■ Data block
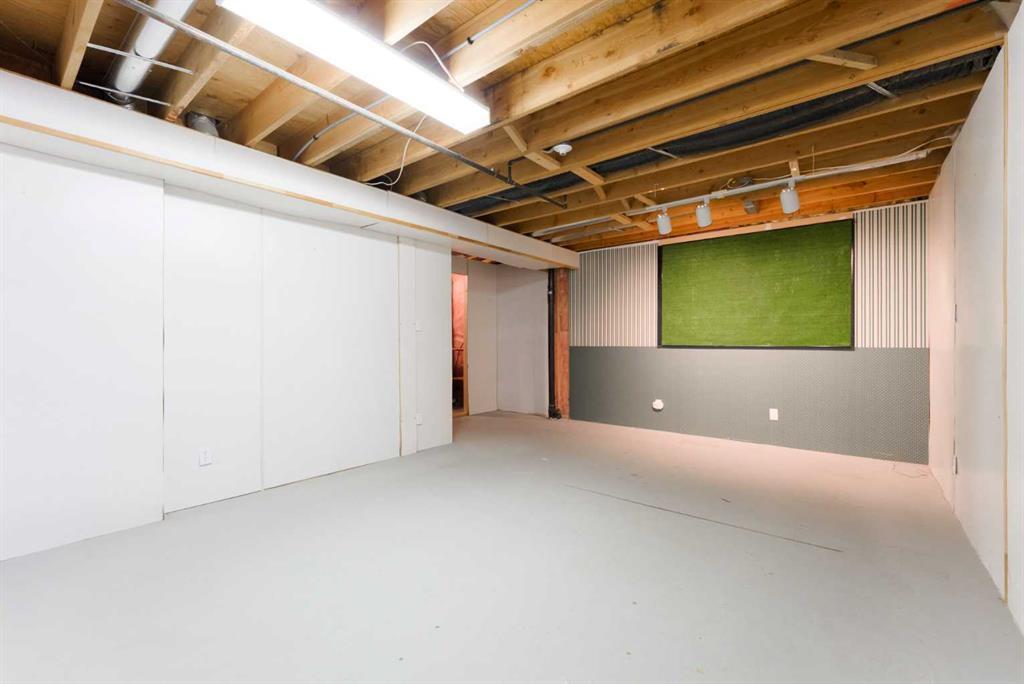 507 Citadel Terrace Northwest, Calgary – Residential Row/Townhouse Listing Photo 30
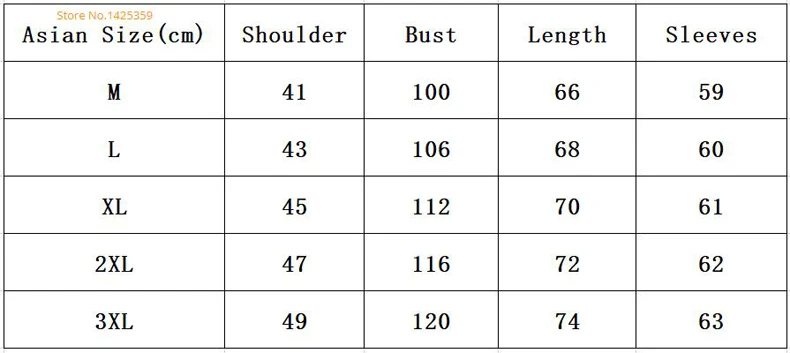 QQ截图20190811170753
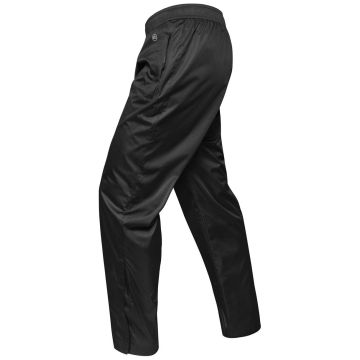 Women's Axis Pant
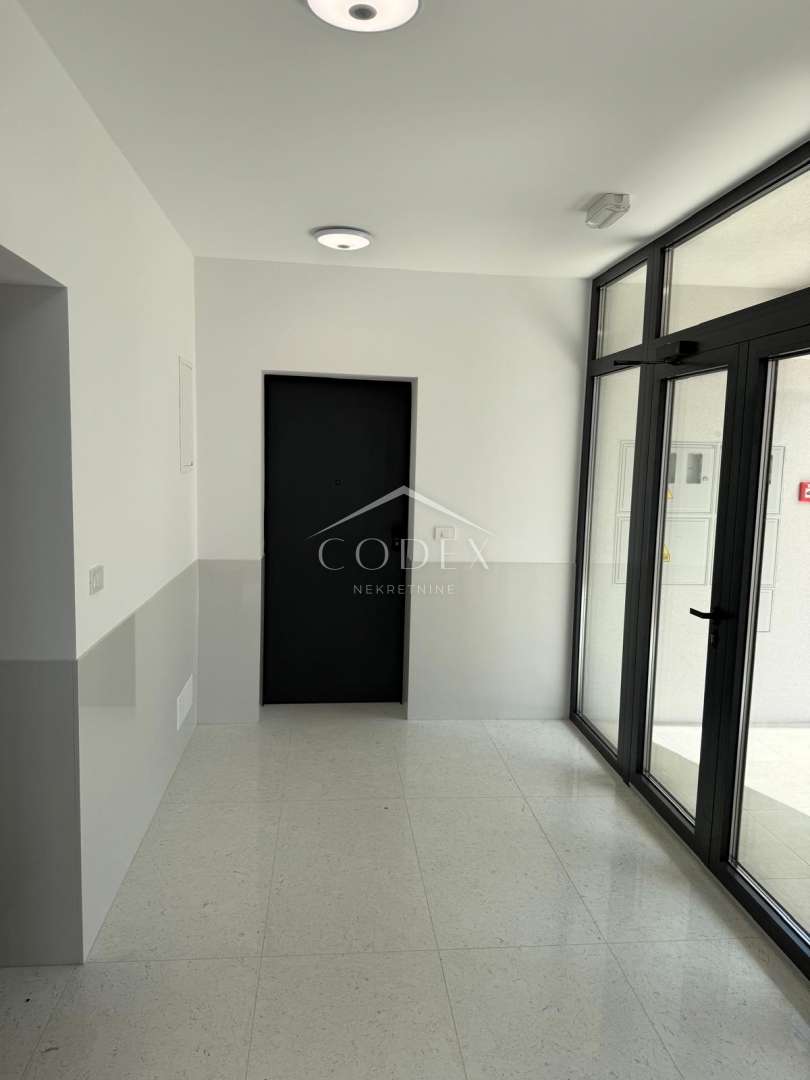  Pula, Štinjan - prodaja kakovostnih stanovanj v novogradnji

■ Exercise instructions
Please, leaving out all pictures, transcribe exactly the lines above from the one containing "Women's Axis Pant" through the final line, both included.

■ Written answer
 Women's Axis Pant
  Pula, Štinjan - prodaja kakovostnih stanovanj v novogradnji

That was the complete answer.